From: Noveck, Dave (dave.noveck@netapp.com)
Date: 01/11/00-10:28:45 AM Z
Message-ID: <4080CE03B682D311B589009027C2286638D422@tahoe.corp.netapp.com>
From: "Noveck, Dave" <dave.noveck@netapp.com>
Subject: RE: "indivisible lock" semantics
Date: Tue, 11 Jan 2000 08:28:45 -0800
> Spencer and I exchanged some mail last week about the fact that v4
> locks are indivisible (i.e., they follow Windows semantics, rather
> than Unix semantics). The rest of this message contains excerpts from
> two messages that I sent to Spencer.
>
> I'm not proposing a change to the protocol, but I would like to put
> this on the table for discussion, to see if anyone has further
> comments that might impact the protocol or spec. The reason I'm not
> proposing a protocol change is that I think it's rare for Unix
> applications to take advantage of "divisible lock" semantics. Given
> the date, I think it's more important to move forward with what we
> have.
I agree that this is not something that should cause us to delay the
protocol. I'm not even sure that we would need to accomodate this
if we had lots of spare time.
I'm curious about the adjective "rare" as opposed to "non-existent".

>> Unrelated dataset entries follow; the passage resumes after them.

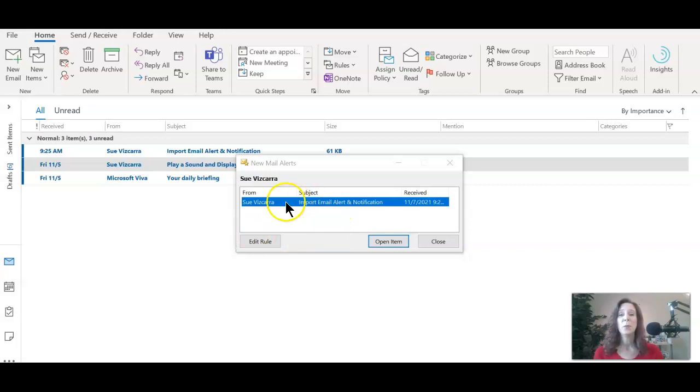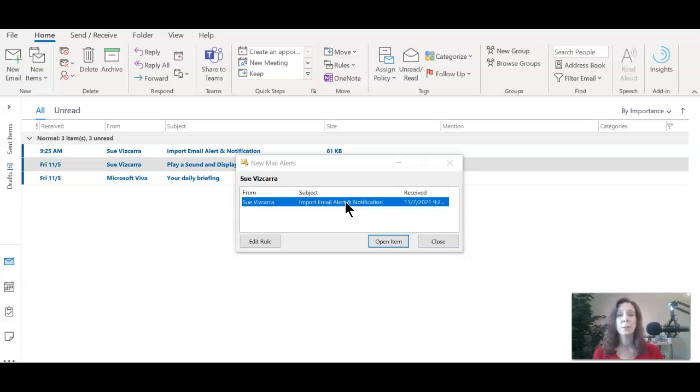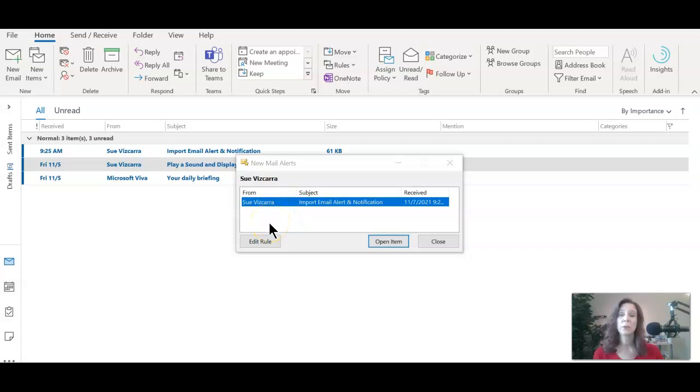Now, when this email comes up, you can choose to take action or you can close it, or you can minimize this window and take action later. Every time that you receive an email from this person, it will continue to add to this window, which can be helpful to look for an old email.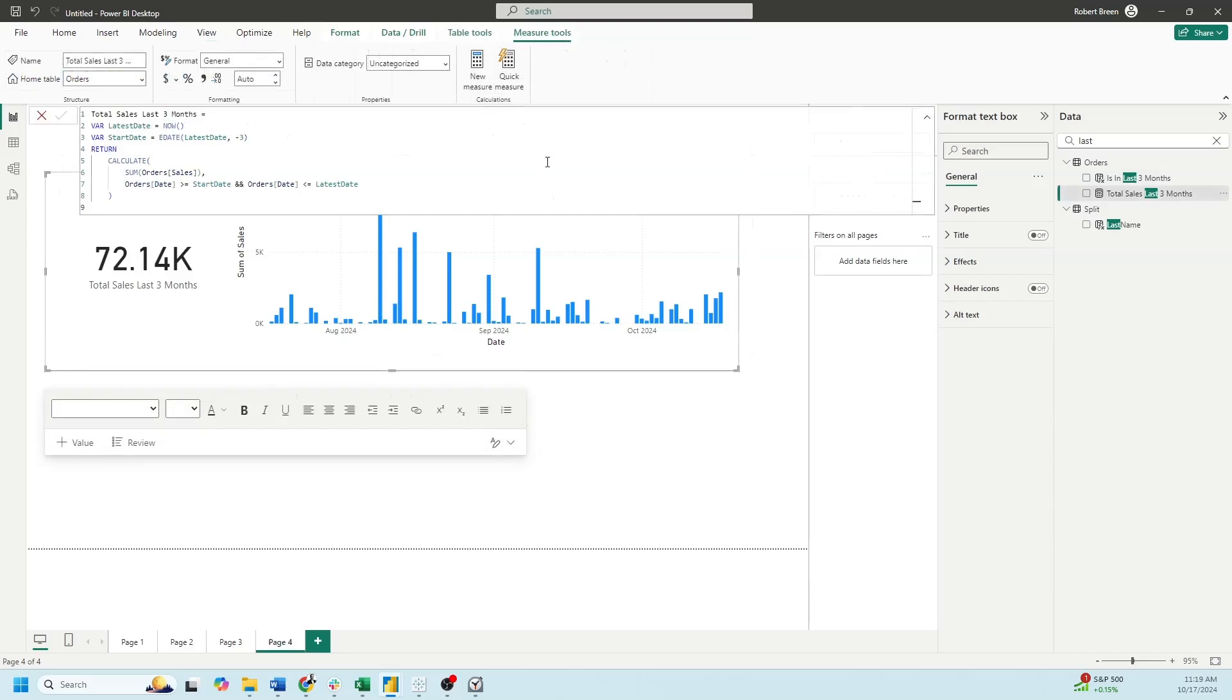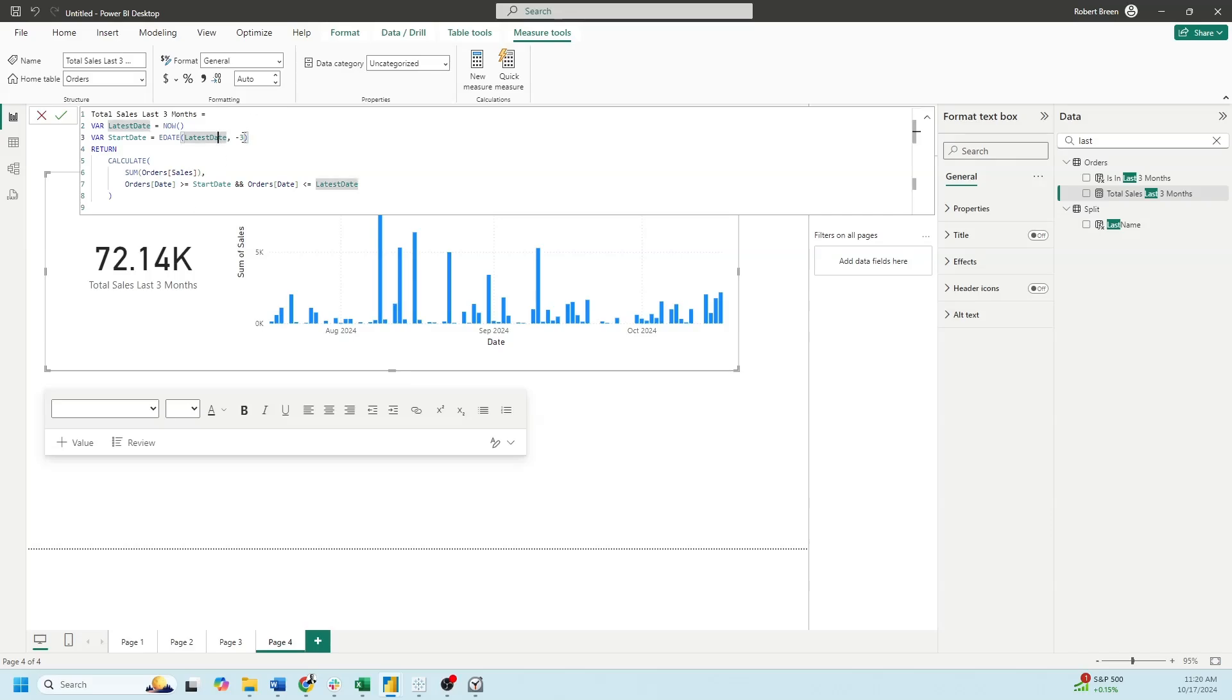Let's calculate the total sales for the last three months. I'm going to use variables for this to make it easier. My first variable is latest date. I want it to reference now. You can have it reference anything you want. The start date for the analysis is going to be defined as edate, the latest date, minus three. So now, minus three months.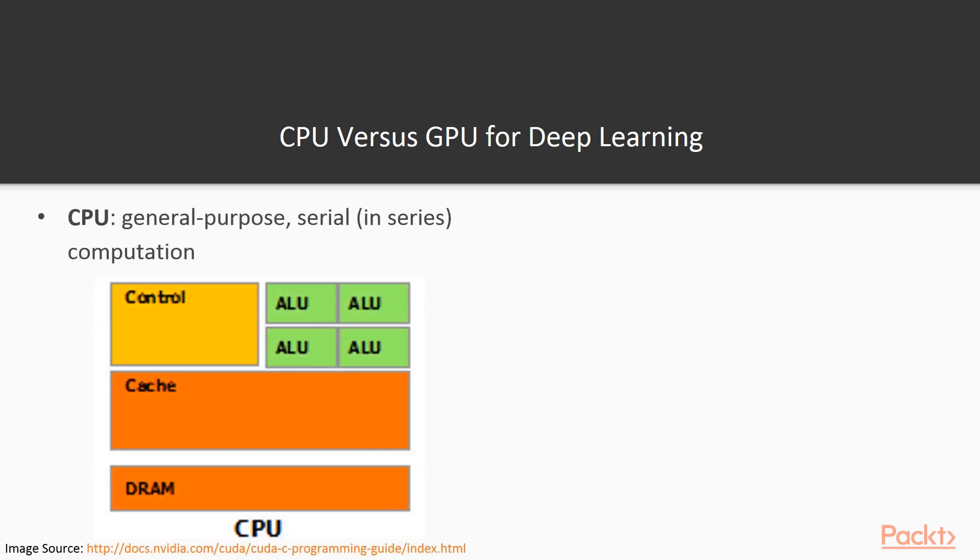Starting off with CPU, I'm taking these from the CUDA C programming guide. CPUs, which stands for Central Processing Unit, are general purpose, and they do serial or in-series linear computations. Here is a very simplified diagram of a CPU. Top left we have control, which is the components that are responsible for determining which sequence of operations to execute at any given time. A handful of ALUs—ALU stands for Arithmetic Logic Units—these are responsible for performing the mathematical operations like addition or multiplication. And we have cache and DRAM, so cache is more local quick memory and DRAM is a little bit slower, but it's much cheaper so we can have more of it.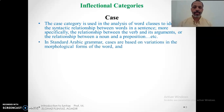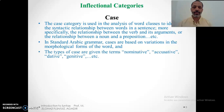In standard Arabic grammar, cases are based on variations in the morphological forms of the word. The types of cases in Arabic are also the nominative, accusative, dative, and genitive. In Arabic, the nominative case is called raf', the accusative case is marked by al-nasab, the dative case is also marked by al-nasab, and the genitive case is marked by al-jar.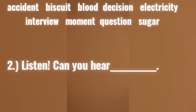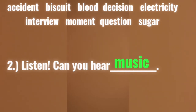Number two: listen, can you hear? The correct answer is: music. Why is it not a music? Because music is uncountable, remember?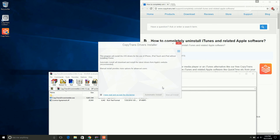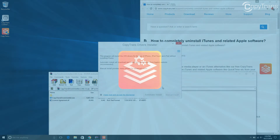Now click Uninstall. Once the uninstall finishes, your computer will finally be free of iTunes and related software. If you want to keep using your Apple device, though, click on the link in the description that will show you how to install Apple device drivers without installing iTunes.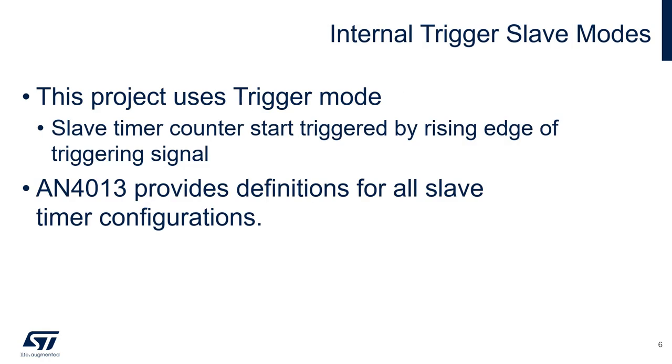When a timer is acting as a slave, there are different modes that dictate the way the triggering signal starts and stops the slave timer's counter. For this project, we will be using trigger mode, which means the slave timer's counter is started by the rising edge of the triggering signal. Definitions for the remaining configurations can be found in application note 4013.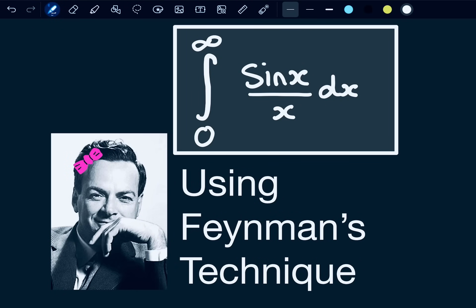Hello everyone. Today we're going to be integrating sin(x)/x dx, evaluated from zero to infinity, using the internet's most favourite integration technique — Feynman's technique.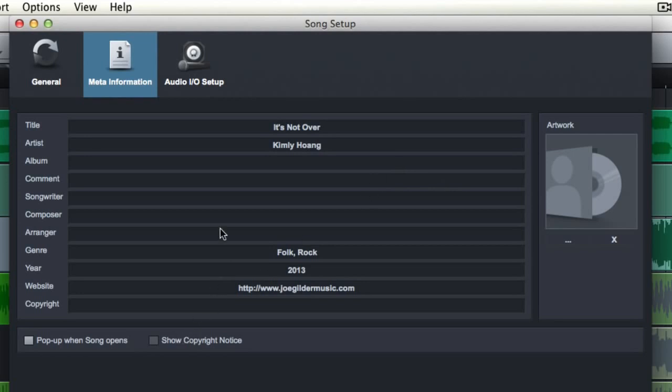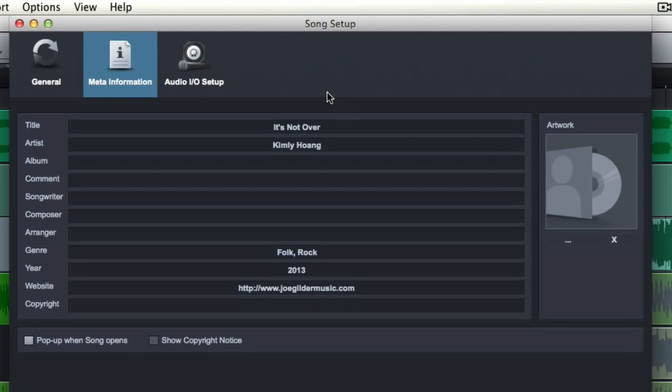And also, when you fill this out kind of when you first set up Studio One, if you're the main artist that music that you're working on, then it'll just enter your information into any song that you create, and that's kind of nice too.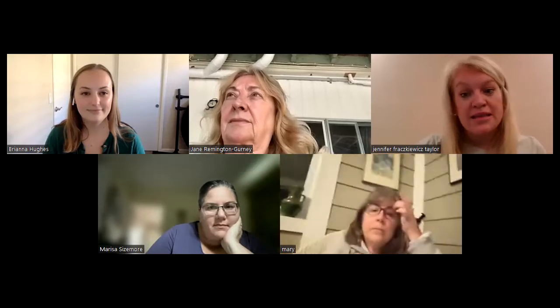Hi everyone. My name is Jennifer Froskowitz Taylor, and I'm a board member of AAC Accessible. We have an awesome presentation and fireside chat today. We have Brianna Hughes coming from the West Coast, talking about how to get an AAC program started in your district. I will be following the chat to see if anyone has any questions, and then I'll let Brianna take it over.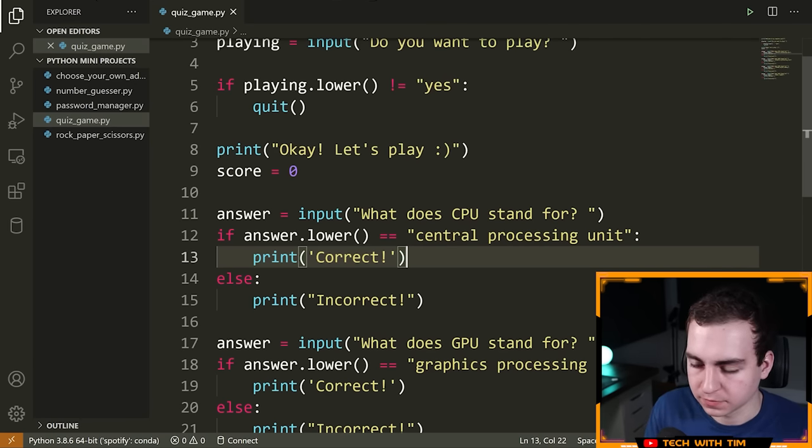Now we can generate our random number: `random_number = random.randint(0, top_of_range)`. Let's print it and test. Run it, type 5, and we get a random number. Run again, type 5, get a different number — it's working. Now we want to keep asking the user to guess until they get it correct, so I'll use a `while True` loop with a `break` keyword to exit when they guess correctly.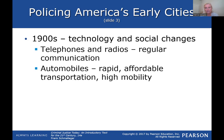Now come the 1900s. Think about the changes: telephones, radios, regular communication — they didn't have that before the 1900s. And automobiles — now police don't have to rely on horseback. Rapid, affordable transportation and improved communication made the police force much more mobile and better organized.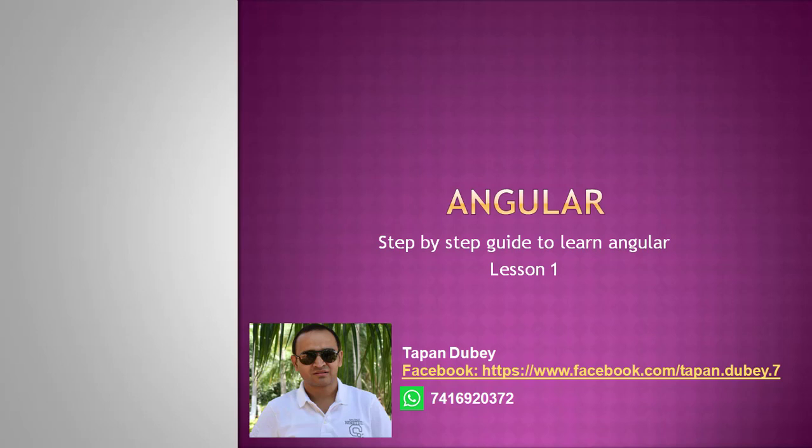Hello everyone, this is Dapan. Welcome to my YouTube channel. This is lesson 1 for Angular.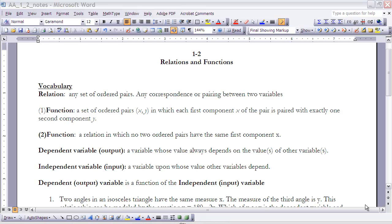The dependent variable is also the output. So if you think about what a function is, the dependent variable or output variable is a function of the independent variable or input variable. A lot of times we'll say y is a function of x — it's always the dependent that is a function of the independent.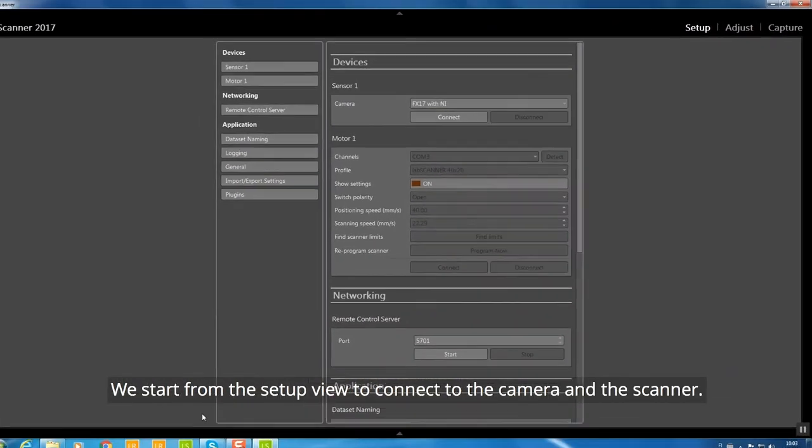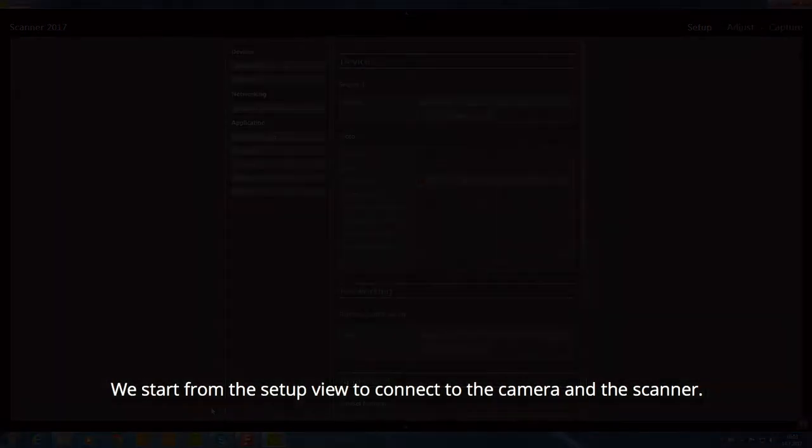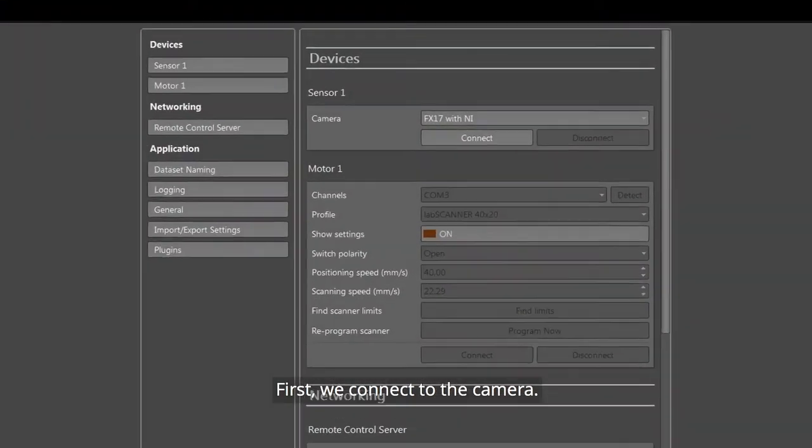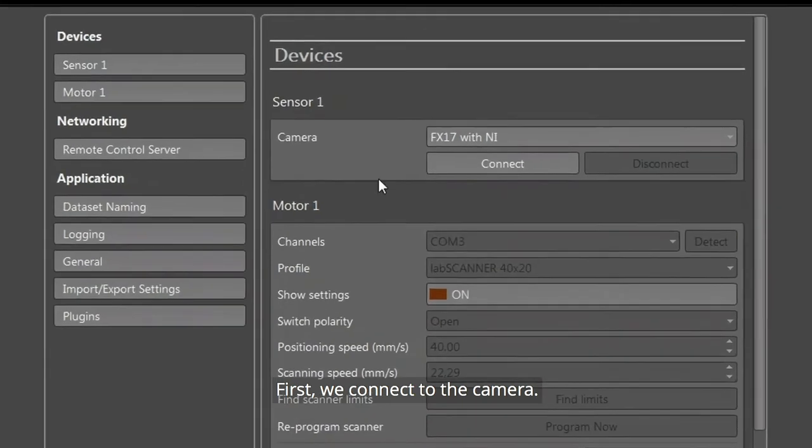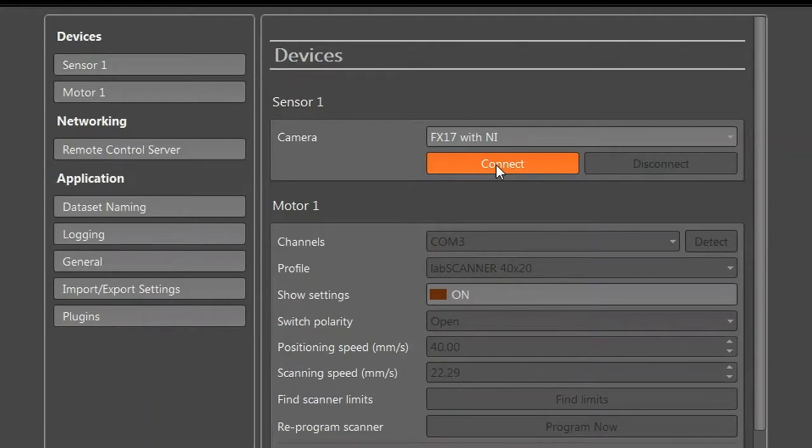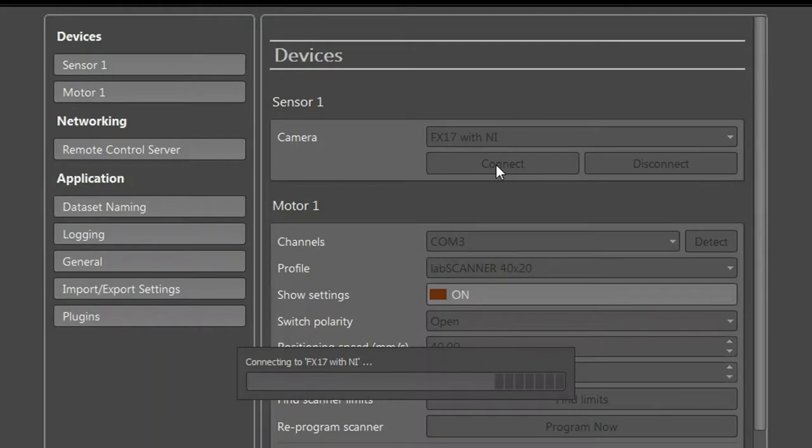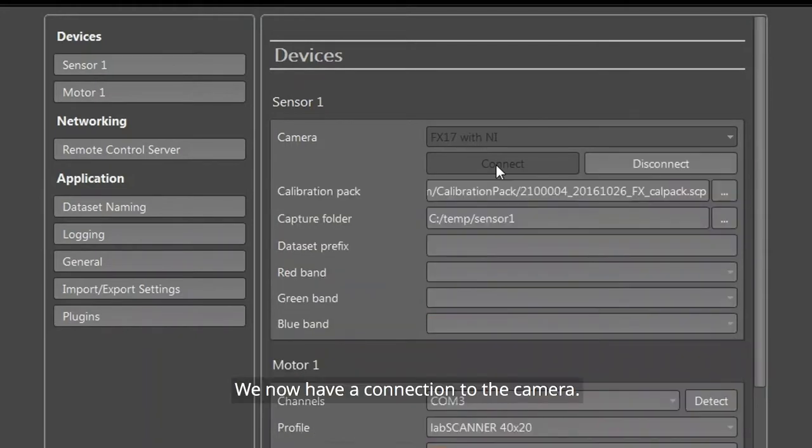First, we connect to the camera. Click Connect. While connecting, a status bar is shown on the screen. We now have a connection to the camera.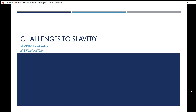Hi eighth grade, this is our lecture presentation PowerPoint on Chapter 16 Lesson 2 for American History, entitled 'Challenges to Slavery.' I'm going to send all of you a copy of this PowerPoint through ClassCraft so we can keep this video relatively short. I do offer a lot of notes verbally, so please ensure that you pay attention, take screenshots, take notes, and as always, if you have any questions feel free to ask me.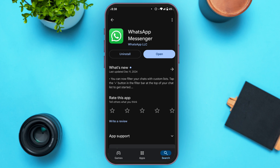Now WhatsApp Messenger will be open. You can see two options: Uninstall and Open. If your application is not updated, instead of the Open option you'll find an Update option. Tap on it, wait for a while, and your application will be updated. If the problem is still not fixed, try uninstalling and reinstalling the application.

I'm not saying that such programs don't exist, but I've never
seen one. Has anybody else?
>
> Excerpt #1:
>
> >>>>> "Mike" == Mike Kupfer <Mike.Kupfer@eng.sun.com> writes:
>
> Mike> Page 58, Section 8.2.3: for a Unix client talking to a Win32
> Mike> server, some entity, either the client or the server, has to
> Mike> map a Posix locking request to (potentially) a series of
> Mike> Win32 locking requests. The series of Win32 requests should
> Mike> be atomic. For example, it is a legal Posix request to
> Mike> unlock a hole out of the middle of an existing lock. The
> Mike> Win32 API expresses this as removing the old lock and
> Mike> creating two new ones. The atomicity requirement is that
> Mike> nobody else create a conflicting lock between the time the
> Mike> first lock is removed and the two new locks are created.
>
> Mike> The I-D places this responsibility on the client, asserting
> Mike> that it is easier for the (Unix) client to do this
> Mike> conversion than it is for the (Win32) server. I think this
> Mike> is false, particularly in light of the atomicity issue.
>
> Mike> I don't see any simple ways to deal with the atomicity
> Mike> issue. Fortunately, it's rare for a Unix application to
> Mike> change subranges of an existing lock, so perhaps the
> Mike> protocol need not provide an atomicity guarantee. If a
> Mike> conflicting lock is created in the middle of a series of
> Mike> "Win32" operations, the client could simply treat the lock
> Mike> as being lost and notify the application.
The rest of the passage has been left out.